WHAT IS BEING ASKED: Exactly the lines from the one holding "Sweater de punto" through the last line of the listing below must appear in the answer, and no pictures.

STORED DATA:
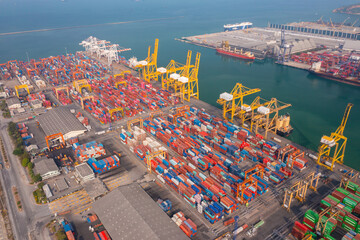 Aerial top view of container cargo ship in the export and import business and logistics international goods in urban city. Shipping to the harbor by crane in , Thailand
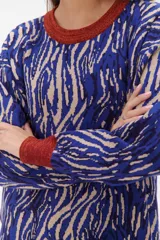 Sweater de punto con estampado animal print en tonos marrones, negros y blancos. Tiene cuello redondo, puños y bajo acanalados en color marrón y gris.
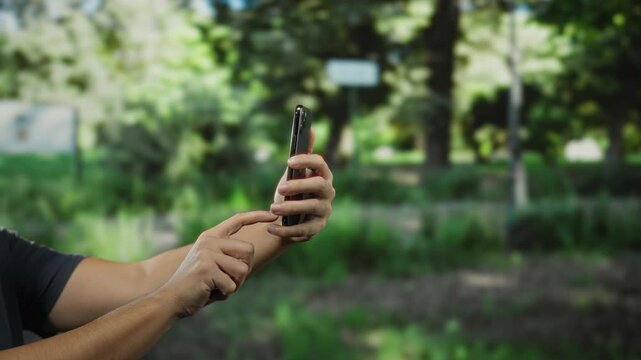Man using smartphone in a park with a green garden background, showcasing technology interaction in a serene outdoor environment.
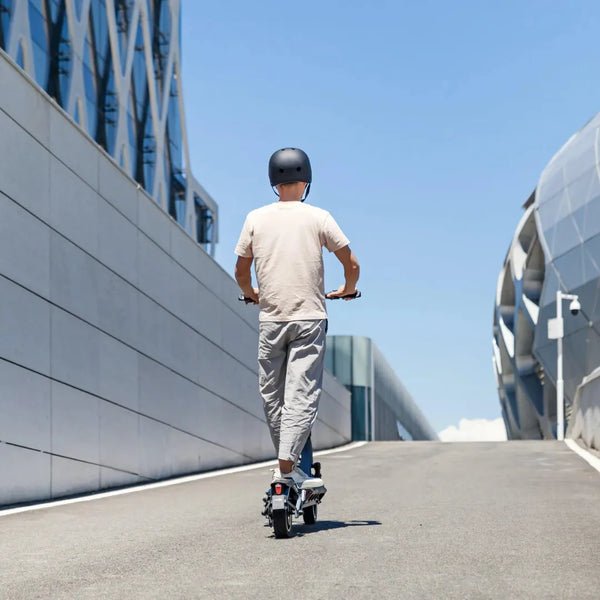 Na sliki je električni skiro znamke Kingsong, model N12 Pro. Oseba vozi skiro po široki cesti, obdanem z modernimi zgradbami in modrim nebom. Opremljena je s čelado, kar nakazuje na zavedanje o varnosti pri vožnji.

EXERCISE RESULT:
 Sweater de punto con estampado animal print en tonos marrones, negros y blancos. Tiene cuello redondo, puños y bajo acanalados en color marrón y gris.
Man using smartphone in a park with a green garden background, showcasing technology interaction in a serene outdoor environment.
 Na sliki je električni skiro znamke Kingsong, model N12 Pro. Oseba vozi skiro po široki cesti, obdanem z modernimi zgradbami in modrim nebom. Opremljena je s čelado, kar nakazuje na zavedanje o varnosti pri vožnji.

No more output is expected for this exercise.